Ligand‐Engineered Metal–Organic Cages Boost Charge Separation for Efficient Photocatalytic Synthesis of Hydrogen Peroxide in Pure Water

Photocatalytic synthesis of hydrogen peroxide (H2O2) offers a sustainable alternative to the traditional anthraquinone process, yet its efficiency is often hampered by the rapid recombination of photogenerated charges and the instability of reactive intermediates. Herein, we report a tetrahedral Zn(II) ion coordinated metal-organic cage (MOC) C3 constructed from a C3-symmetric terpyridine ligand incorporating pyridinium units. In pure water under an O2 atmosphere and without sacrificial agents, C3 exhibits an H2O2 generation rate of 678.15 µmol L-1 h-1. Moreover, the confined cavity of the MOC is proposed to help stabilize crucial intermediates (*OH from water oxidation and *OOH from oxygen reduction), thereby further promoting the catalytic performance.
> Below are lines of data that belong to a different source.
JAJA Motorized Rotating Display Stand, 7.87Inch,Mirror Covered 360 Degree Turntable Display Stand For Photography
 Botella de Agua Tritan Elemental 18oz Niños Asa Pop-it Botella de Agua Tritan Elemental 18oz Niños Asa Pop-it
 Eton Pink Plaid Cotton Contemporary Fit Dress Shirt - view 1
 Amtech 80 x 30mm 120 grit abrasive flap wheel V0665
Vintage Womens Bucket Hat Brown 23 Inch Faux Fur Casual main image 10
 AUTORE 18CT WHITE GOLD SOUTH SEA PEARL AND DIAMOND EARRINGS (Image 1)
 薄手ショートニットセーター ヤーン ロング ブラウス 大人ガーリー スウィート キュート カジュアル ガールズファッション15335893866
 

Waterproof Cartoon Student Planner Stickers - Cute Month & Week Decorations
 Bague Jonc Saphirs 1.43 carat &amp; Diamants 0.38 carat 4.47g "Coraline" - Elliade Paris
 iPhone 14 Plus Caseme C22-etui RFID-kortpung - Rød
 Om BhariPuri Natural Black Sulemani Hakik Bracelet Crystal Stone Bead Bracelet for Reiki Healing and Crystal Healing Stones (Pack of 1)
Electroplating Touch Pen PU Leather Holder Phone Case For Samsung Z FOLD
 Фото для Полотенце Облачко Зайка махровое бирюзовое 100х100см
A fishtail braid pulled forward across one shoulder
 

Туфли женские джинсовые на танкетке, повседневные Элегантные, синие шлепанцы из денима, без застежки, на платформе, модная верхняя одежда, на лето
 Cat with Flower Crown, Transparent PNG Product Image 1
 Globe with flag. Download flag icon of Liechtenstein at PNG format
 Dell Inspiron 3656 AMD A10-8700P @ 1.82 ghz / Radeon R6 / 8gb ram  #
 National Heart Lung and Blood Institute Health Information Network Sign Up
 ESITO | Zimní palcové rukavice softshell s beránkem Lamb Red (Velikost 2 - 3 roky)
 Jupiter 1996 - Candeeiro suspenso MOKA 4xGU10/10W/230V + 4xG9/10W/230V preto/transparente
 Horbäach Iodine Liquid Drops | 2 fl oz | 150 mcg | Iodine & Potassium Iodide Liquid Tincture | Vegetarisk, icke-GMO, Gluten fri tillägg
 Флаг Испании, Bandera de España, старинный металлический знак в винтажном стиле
This work illustrates a ligand-engineering strategy for photocatalyst design by employing functionalized ligands to construct MOC that primarily improve charge-separation efficiency and create directional electron-transfer channels within the cage framework, while the confined microenvironment secondarily stabilizes key reactive intermediates, thus offering a route toward advanced photocatalytic H2O2 generation.